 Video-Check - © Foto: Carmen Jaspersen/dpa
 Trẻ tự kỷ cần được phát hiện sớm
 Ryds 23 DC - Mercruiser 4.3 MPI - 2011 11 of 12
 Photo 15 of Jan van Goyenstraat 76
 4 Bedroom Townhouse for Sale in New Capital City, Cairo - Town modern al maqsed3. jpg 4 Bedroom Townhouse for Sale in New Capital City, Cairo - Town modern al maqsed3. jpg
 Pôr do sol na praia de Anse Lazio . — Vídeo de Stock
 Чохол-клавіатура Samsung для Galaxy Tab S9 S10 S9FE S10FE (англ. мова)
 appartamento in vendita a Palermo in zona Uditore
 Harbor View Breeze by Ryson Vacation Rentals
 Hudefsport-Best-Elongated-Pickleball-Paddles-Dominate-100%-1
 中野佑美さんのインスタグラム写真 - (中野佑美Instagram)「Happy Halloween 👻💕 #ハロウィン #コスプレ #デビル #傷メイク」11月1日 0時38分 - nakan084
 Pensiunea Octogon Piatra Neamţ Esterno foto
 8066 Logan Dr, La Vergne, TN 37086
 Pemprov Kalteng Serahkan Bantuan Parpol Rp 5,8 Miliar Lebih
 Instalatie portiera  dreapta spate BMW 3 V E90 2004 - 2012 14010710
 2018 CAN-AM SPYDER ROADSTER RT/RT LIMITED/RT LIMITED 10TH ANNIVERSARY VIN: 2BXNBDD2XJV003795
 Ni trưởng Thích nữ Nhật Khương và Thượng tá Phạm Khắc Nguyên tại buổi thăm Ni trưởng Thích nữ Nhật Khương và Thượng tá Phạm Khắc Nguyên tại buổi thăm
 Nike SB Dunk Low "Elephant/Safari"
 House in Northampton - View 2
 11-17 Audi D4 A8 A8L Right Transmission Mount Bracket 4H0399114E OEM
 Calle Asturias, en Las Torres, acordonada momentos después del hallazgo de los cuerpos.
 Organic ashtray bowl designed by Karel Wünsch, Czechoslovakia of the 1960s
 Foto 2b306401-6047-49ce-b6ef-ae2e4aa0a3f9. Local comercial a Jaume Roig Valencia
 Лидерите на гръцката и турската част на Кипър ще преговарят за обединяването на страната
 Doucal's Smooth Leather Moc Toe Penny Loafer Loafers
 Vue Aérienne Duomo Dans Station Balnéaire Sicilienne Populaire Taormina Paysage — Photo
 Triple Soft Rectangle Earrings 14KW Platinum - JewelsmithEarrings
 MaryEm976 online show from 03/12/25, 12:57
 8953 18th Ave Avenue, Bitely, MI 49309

__What to do__: Return, from the material above, every line with the word "Photo".

__Output below__:
 Photo 15 of Jan van Goyenstraat 76
 Vue Aérienne Duomo Dans Station Balnéaire Sicilienne Populaire Taormina Paysage — Photo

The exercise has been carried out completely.